Conservation biology is continually developing new tools and concepts that contribute to our understanding of ecosystems. In too many cases, however, that leaves scientists positioned only to track the loss of these systems. So far, researchers have been less effective at achieving the level of impact on policy decisions needed to implement actual conservation measures.

As long as this remains the case, it is hard to see how political pledges to conserve global biodiversity will be fulfilled. Under the 1992 Convention on Biological Diversity, for example, 188 nations are supposed to be taking steps to ensure that the rate of biodiversity loss slows down by 2010. But at the current rate of progress, it is hard to see how nations will reach even this modest goal.

The development of tools to monitor global biodiversity has helped to promote awareness of the scale of the environmental challenges facing the planet. But appropriate responses to these challenges are inevitably political and economic in nature. The considerable advances in monitoring and understanding made in conservation science cannot themselves generate such responses.

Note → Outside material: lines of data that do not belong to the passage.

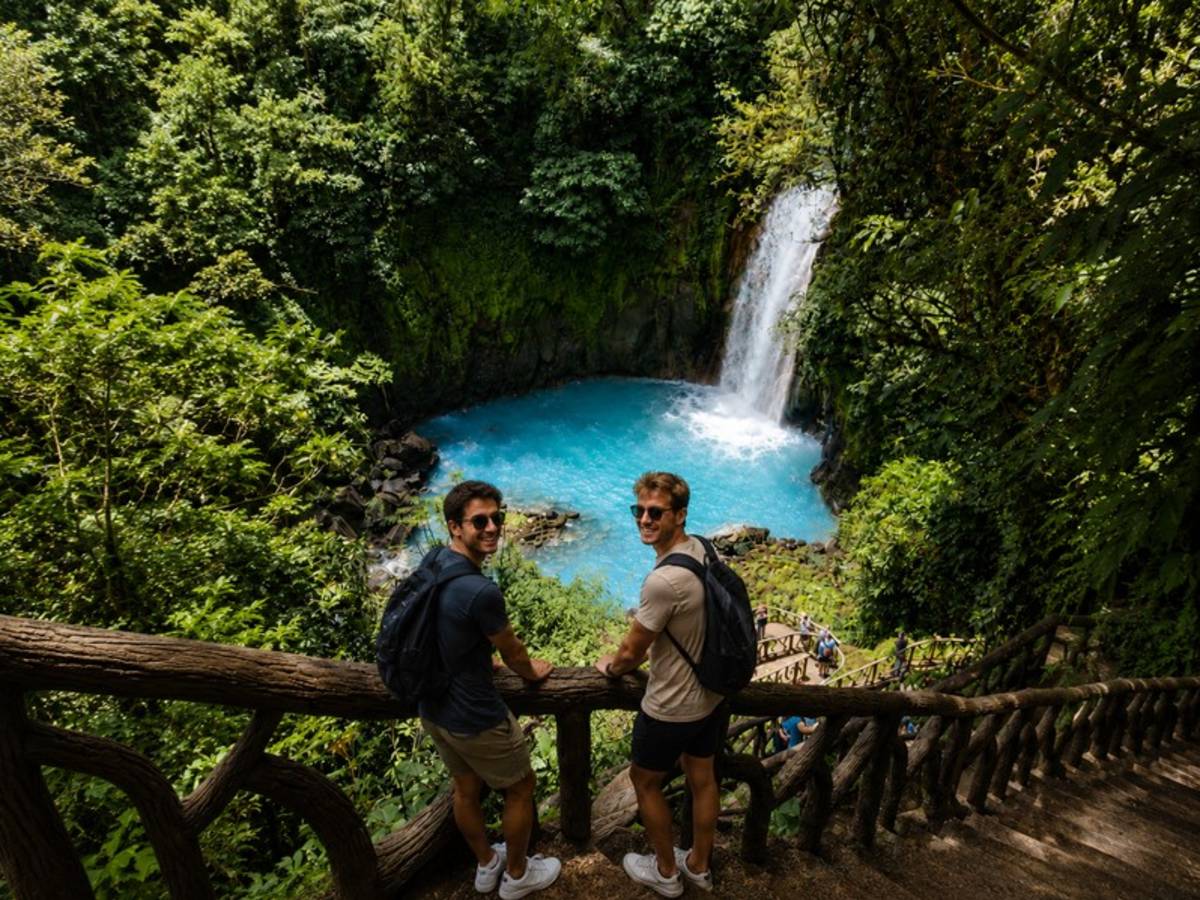 Travellers overlooking a bright blue Costa Rican waterfall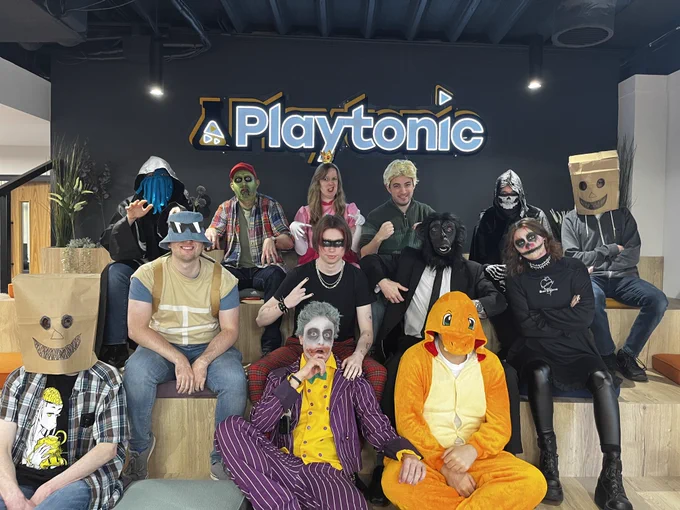 Photo of some of the Playtonic team sat on "the bleachers" with people in a variety of halloween costumes including: A cthulu looking guy, cool Squirtle from the Squirtle Squad, Charmander, the Joker, a zombie, a monkey is a suit, Princess Peach, a cool punk guy!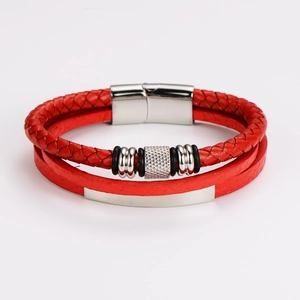 Detail of red multilayer leather bracelet featuring woven cord and silver magnetic clasp
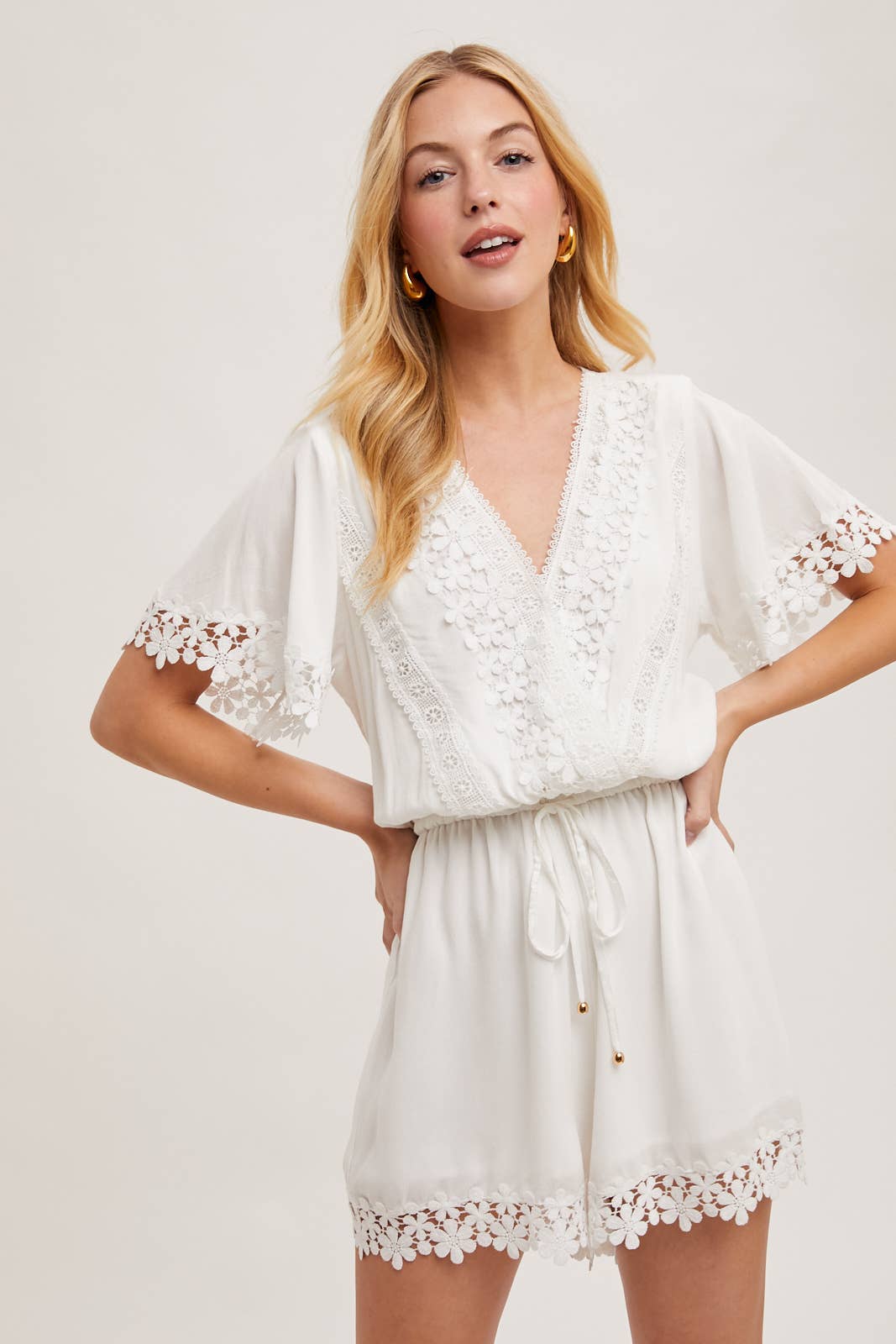 WRAP FLORAL LACE TRIMMED DRAWSTRING ROMPER: ALMOND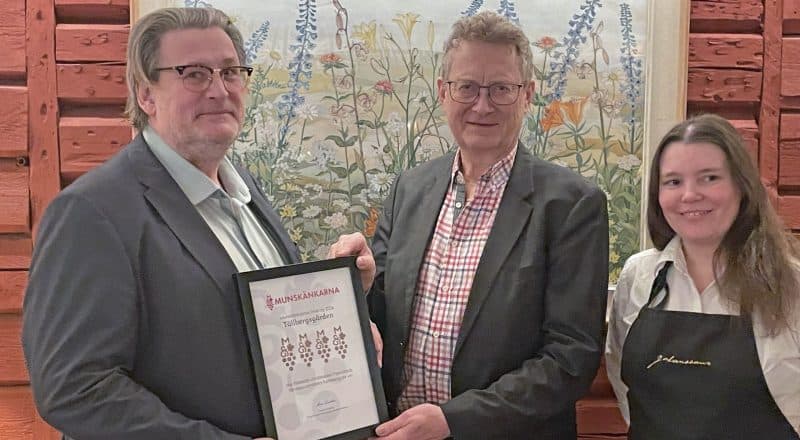 Diplom hålls upp framför tre finklädda personer.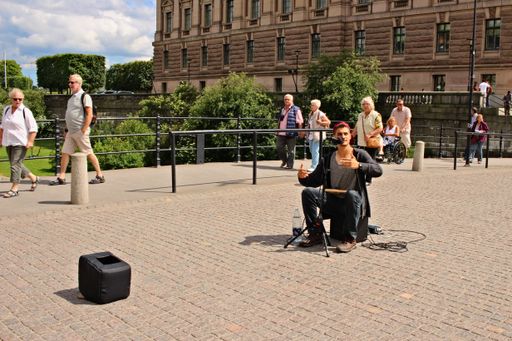 A street musician busking for money on the streets of Stockholm, Sweden.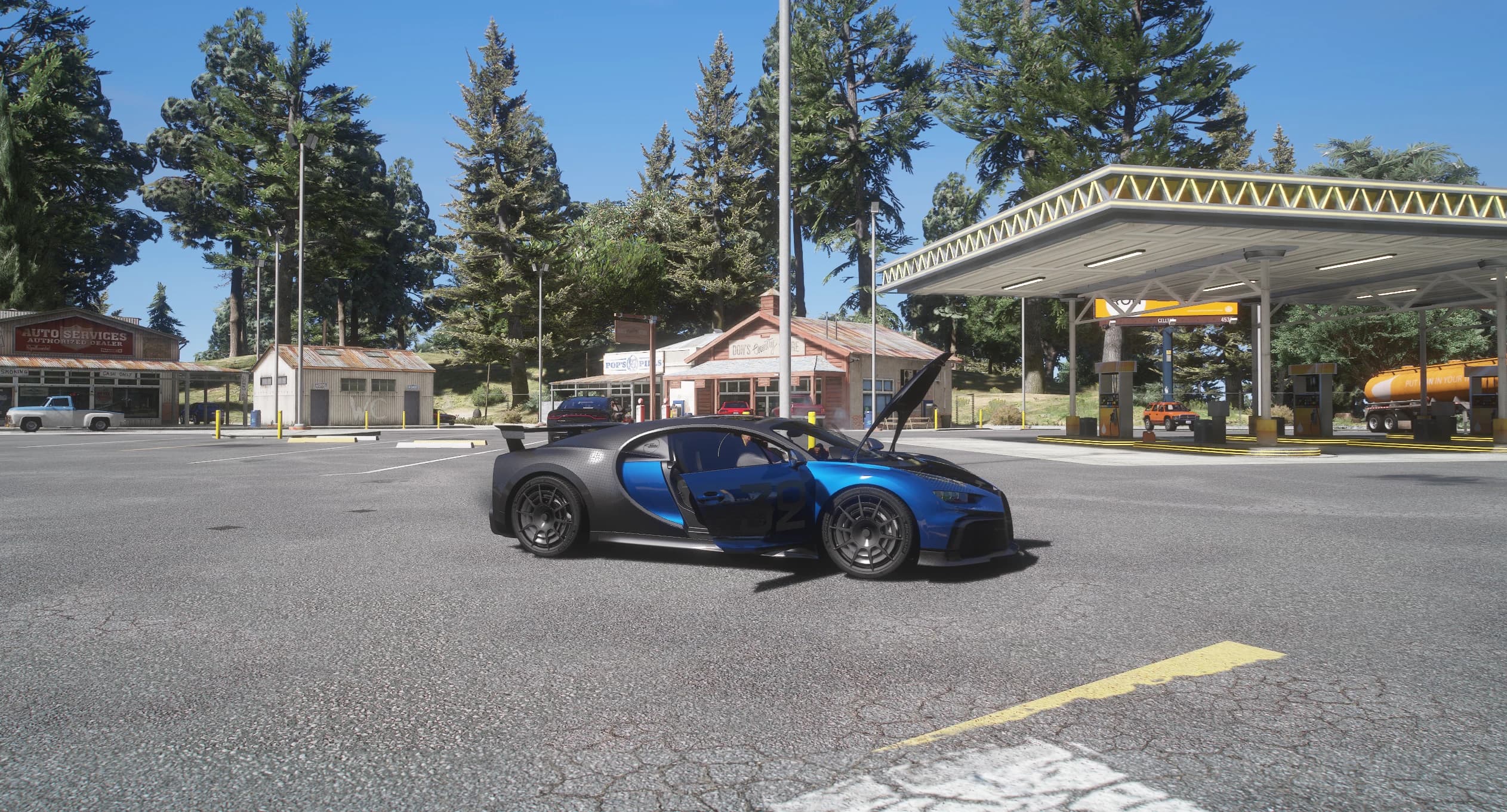 Side view of the Chiron on a rural petrol station forecourt with the driver's door and the front luggage lid open, showing the two-tone split between the blue flank and the carbon roof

Translating the ramifications of environmental and conservation science into practical solutions requires much more work to close the gap between conservation biologists and the policy-makers and environmental managers who take action on the ground. One such effort is the RUPES programme run by the Nairobi-based World Agroforestry Centre, which is bringing together land managers, conservation groups, development agencies and researchers to design a system to reward mountain communities in Asia for the environmental services they provide by conserving local habitat.

If the drive for conservation comes only from scientists and a few allies in the environmental movement, ameliorative action won't get far. Economists and other policy-makers inside powerful government departments and development agencies are needed to design and develop plans to tackle the problem on a meaningful scale.

There is an increasing realization that economic arguments should be used to persuade policy-makers to protect environmental resources.

The most comprehensive survey yet of the economic and other benefits that natural ecosystems provide — the Millennium Ecosystem Assessment, published earlier this year — highlights the urgent need for closer dialogue between these different parties. The potential advances to be made from such discussion have never been more apparent. There is an increasing realization that economic arguments should be brought to bear in persuading policy-makers to protect environmental resources (see 'Dollars and sense'). The United Nations and the World Bank are, at least in their public statements, stressing the potential of environmental conservation for improving quality of life in poor countries (see Nature 437, 180; 2005).

Putting these ideas into practice will require unprecedented collaboration between ecologists, economists, statisticians, businesses, land managers and policy-makers. As researchers continue to gather information about the kinds of benefits that ecosystems provide, it is critical that their findings are disseminated far beyond the scientific community.

This requires national institutions such as the US Department of the Interior, and international ones like the World Bank, to ensure that they have the necessary mechanisms and scientific expertise in place to absorb the information. Third parties, such as the H. John Heinz III Center for Science, Economics and the Environment in Washington DC, can also help to forge the necessary interactions.

A fuller dialogue will greatly benefit researchers, who can use it to establish exactly what kinds of information policy-makers and environmental managers need in order to translate science into effective action. Most of all, it will help the environment, by encouraging conservation policies that are soundly based on the facts.